*Work to complete*.
Somewhere below are a line with "Snapshot of rehan3dx" and a later line with "Irene Hotel - Beachfront". Output exactly those lines and all lines between them.

── Excerpted data ──

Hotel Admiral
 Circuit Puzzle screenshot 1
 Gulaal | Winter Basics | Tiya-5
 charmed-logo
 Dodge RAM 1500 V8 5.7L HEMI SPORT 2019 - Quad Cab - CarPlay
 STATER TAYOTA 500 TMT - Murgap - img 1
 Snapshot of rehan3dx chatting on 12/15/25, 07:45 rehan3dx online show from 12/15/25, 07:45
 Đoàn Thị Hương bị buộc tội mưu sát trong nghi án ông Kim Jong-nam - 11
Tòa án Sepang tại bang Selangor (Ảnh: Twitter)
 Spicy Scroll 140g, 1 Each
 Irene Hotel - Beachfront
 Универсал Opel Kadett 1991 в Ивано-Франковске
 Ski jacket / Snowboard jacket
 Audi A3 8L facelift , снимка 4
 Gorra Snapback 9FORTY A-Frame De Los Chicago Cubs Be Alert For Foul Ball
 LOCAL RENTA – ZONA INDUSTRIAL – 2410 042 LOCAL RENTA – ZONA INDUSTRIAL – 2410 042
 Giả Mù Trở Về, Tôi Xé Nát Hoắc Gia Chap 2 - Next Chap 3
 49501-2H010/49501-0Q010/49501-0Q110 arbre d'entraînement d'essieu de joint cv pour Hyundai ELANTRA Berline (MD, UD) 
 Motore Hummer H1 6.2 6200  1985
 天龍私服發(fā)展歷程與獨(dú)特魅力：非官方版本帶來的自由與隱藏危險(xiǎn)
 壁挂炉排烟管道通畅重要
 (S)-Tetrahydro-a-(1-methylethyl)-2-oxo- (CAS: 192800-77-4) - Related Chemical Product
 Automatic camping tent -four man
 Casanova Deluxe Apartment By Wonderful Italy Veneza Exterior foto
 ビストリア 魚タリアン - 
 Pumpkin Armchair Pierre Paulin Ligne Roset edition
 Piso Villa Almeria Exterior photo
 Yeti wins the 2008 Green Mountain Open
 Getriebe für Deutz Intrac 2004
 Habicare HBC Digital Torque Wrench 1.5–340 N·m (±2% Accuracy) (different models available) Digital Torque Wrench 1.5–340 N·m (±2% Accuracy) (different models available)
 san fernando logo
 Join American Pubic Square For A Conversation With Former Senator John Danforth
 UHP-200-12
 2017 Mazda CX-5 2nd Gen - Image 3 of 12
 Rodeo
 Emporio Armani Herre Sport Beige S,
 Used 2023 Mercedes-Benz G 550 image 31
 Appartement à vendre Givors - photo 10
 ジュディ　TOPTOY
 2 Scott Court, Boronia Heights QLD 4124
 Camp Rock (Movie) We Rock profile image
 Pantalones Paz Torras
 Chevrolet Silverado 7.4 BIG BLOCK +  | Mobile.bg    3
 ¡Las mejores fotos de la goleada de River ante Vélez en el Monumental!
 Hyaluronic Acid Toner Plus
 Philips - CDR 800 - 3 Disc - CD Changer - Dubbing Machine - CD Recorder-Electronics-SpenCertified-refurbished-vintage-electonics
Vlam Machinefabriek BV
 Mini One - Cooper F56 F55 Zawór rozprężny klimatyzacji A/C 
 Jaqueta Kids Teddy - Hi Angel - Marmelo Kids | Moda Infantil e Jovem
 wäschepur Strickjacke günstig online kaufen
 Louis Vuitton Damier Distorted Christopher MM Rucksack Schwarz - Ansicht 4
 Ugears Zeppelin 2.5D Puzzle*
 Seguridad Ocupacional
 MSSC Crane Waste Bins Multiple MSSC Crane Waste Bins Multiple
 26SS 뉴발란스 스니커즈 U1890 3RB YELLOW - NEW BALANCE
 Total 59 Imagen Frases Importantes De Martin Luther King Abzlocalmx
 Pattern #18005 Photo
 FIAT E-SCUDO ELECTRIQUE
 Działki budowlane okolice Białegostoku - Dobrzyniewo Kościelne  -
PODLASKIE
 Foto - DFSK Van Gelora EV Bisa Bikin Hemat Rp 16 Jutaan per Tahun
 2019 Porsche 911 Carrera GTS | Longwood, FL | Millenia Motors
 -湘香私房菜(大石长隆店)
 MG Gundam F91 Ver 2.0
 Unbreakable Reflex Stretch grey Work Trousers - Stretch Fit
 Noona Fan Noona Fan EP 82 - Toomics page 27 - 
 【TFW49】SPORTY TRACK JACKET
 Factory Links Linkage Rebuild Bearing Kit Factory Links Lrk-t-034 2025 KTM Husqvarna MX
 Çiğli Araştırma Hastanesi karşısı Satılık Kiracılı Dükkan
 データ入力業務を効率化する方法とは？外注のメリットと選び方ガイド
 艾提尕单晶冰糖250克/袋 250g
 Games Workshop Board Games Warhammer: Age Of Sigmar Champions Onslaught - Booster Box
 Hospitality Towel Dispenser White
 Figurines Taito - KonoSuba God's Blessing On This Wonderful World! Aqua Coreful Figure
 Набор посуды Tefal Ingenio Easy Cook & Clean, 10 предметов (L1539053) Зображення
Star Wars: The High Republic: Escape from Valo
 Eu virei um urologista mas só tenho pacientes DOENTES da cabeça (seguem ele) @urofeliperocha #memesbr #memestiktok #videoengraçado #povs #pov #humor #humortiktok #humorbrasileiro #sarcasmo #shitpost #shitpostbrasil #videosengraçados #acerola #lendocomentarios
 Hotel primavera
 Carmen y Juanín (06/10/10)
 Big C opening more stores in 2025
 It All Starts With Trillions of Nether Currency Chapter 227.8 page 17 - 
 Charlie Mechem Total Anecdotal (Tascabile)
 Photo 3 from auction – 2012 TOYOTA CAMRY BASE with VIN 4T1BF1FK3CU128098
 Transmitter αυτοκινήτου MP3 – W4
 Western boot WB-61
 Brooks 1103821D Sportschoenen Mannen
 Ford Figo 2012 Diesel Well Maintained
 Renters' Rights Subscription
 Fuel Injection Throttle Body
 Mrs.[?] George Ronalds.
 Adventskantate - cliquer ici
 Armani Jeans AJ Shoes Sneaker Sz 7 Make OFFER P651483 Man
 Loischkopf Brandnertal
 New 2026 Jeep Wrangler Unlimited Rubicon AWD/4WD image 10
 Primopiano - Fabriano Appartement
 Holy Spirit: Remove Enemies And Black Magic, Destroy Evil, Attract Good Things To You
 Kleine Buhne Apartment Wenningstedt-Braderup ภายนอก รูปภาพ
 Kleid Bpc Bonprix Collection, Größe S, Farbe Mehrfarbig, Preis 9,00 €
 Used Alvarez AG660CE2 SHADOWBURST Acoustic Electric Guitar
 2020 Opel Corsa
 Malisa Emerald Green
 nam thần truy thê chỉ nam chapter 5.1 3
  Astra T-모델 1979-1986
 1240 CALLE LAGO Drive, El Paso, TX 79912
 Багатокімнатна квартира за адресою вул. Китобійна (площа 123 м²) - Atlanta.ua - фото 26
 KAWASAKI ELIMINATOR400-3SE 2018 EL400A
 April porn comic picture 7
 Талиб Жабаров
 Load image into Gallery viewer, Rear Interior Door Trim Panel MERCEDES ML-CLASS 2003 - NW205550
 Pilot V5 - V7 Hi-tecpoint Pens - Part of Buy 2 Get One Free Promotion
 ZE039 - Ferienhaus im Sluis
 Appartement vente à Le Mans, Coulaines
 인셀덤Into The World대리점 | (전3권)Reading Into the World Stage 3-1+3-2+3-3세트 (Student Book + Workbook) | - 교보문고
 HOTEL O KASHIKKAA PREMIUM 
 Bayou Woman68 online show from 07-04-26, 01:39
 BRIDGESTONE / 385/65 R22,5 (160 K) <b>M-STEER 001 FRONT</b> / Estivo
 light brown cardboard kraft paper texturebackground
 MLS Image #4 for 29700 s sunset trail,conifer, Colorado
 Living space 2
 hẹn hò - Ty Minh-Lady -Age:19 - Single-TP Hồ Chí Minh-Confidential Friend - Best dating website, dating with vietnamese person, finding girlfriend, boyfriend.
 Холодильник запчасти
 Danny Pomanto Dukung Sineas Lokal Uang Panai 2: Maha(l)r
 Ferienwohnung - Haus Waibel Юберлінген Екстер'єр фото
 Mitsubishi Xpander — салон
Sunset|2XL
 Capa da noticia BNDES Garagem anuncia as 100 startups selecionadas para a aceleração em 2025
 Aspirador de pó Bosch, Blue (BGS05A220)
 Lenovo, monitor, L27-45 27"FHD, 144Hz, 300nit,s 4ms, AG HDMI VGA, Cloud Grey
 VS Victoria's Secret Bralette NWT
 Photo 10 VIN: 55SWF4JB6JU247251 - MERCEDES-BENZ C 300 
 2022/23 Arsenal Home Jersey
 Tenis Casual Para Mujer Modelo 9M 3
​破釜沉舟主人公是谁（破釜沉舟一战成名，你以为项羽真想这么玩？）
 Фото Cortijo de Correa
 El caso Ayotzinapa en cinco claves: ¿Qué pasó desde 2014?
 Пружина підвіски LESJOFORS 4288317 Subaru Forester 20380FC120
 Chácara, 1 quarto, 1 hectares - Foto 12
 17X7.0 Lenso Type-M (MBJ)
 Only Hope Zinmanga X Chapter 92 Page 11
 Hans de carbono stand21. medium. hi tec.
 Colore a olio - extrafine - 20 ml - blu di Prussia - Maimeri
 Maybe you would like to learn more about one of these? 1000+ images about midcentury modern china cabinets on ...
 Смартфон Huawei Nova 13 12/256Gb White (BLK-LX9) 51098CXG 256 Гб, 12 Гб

───

*Your response*.
 Snapshot of rehan3dx chatting on 12/15/25, 07:45 rehan3dx online show from 12/15/25, 07:45
 Đoàn Thị Hương bị buộc tội mưu sát trong nghi án ông Kim Jong-nam - 11
Tòa án Sepang tại bang Selangor (Ảnh: Twitter)
 Spicy Scroll 140g, 1 Each
 Irene Hotel - Beachfront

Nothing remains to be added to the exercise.